For a poll to have any statistical value, the sample must be random. A selected sample (whether it's self-selecting, like an online poll, or selected by the moderation, like focus groups) has little to no statistical value, or relevance to the population as a whole.

There are various ways to increase the accuracy of a purely random sample though, and the most common and effective way is known as "stratification". Stratification relies on dividing the population (prior to selection of a random sample) by certain fixed and mutually exclusive demographic traits, and then randomly selecting samples of each strata in proportion to that strata's representation in the population as a whole.

For example, a pollster may divide the population as a whole into "Men" and "Women" - and then sample from each strata in proportion to the numbers of men and women in the population as a whole.

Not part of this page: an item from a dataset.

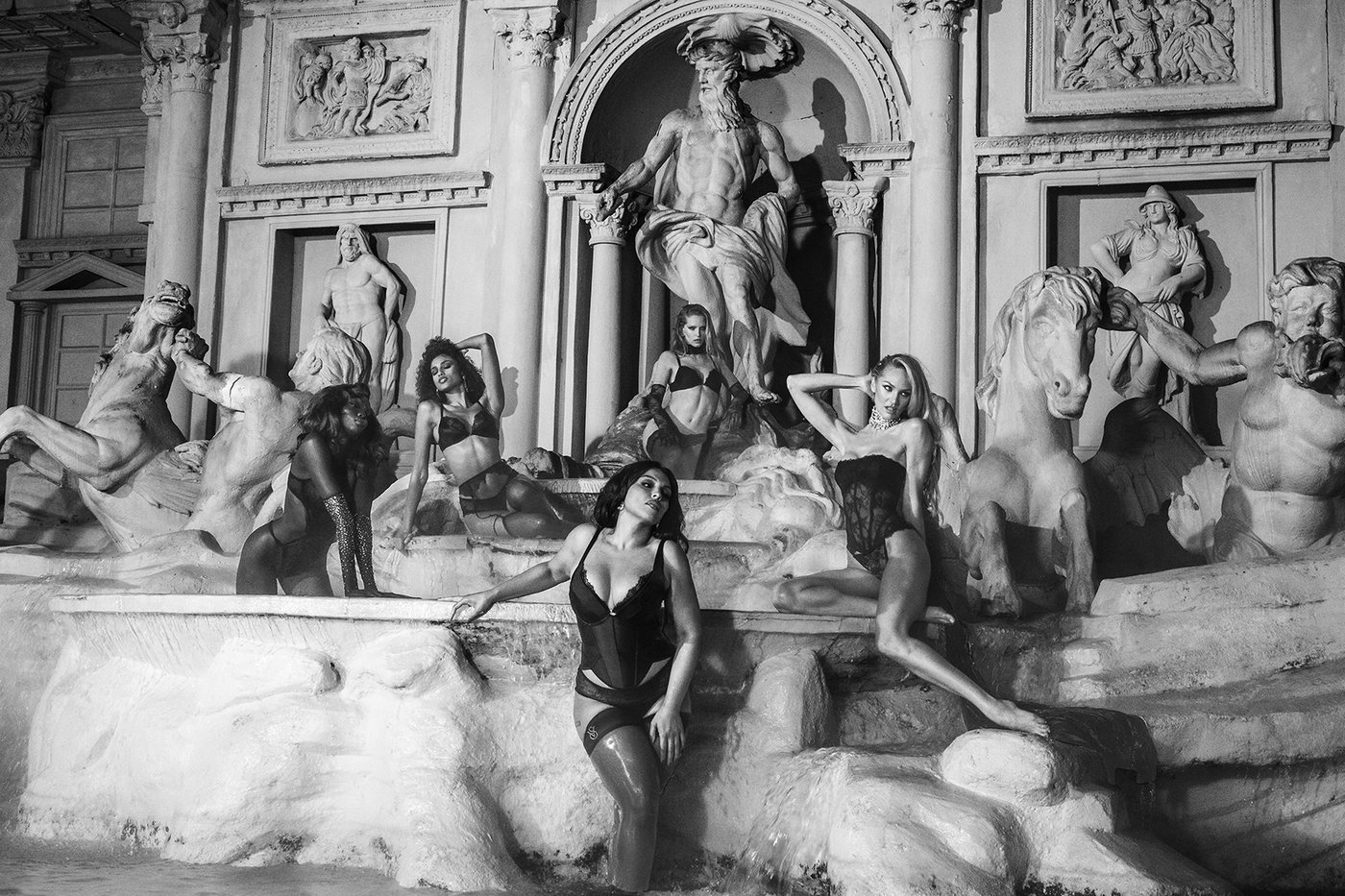 Model in black Victoria's Secret Very Sexy lingerie posed on the Trevi Fountain in Rome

Now, from the complaints I've seen, people seem to think that the population should be stratified by political identification. This causes two major problems, statistically. First of all, the poll is meant to measure political opinion, which is not a fixed quantity. Trying to stratify according to the results that you want makes the entire poll meaningless. Secondly, stratification requires constant and immutable demographics in order to maintain it's statistical value. Political Identification and opinion are not constant, they change all the time.

When you see the Party Identification breakdown on a poll, those are results of the poll, not stratification. If a poll has 45% Democrats responding, that means that 45% of the randomly selected people identified as a Democrat while responding to the poll - not that they pre-selected a sample of 45% Democrats.

All of the "unskewing" theories come from that misconception - and that's why they're all wrong, as we saw in 2012.
 
Very well put, of course, it is way over the head most of these hard partisan Trump supporters. Statistical analysis is a mathematical science that is often counter-intuitive and hard to grasp even for those who make an effort to understand it. Most of those who complain that polls are rigged could not even explain how a polling firm could rig polls and still stay in the polling business very long.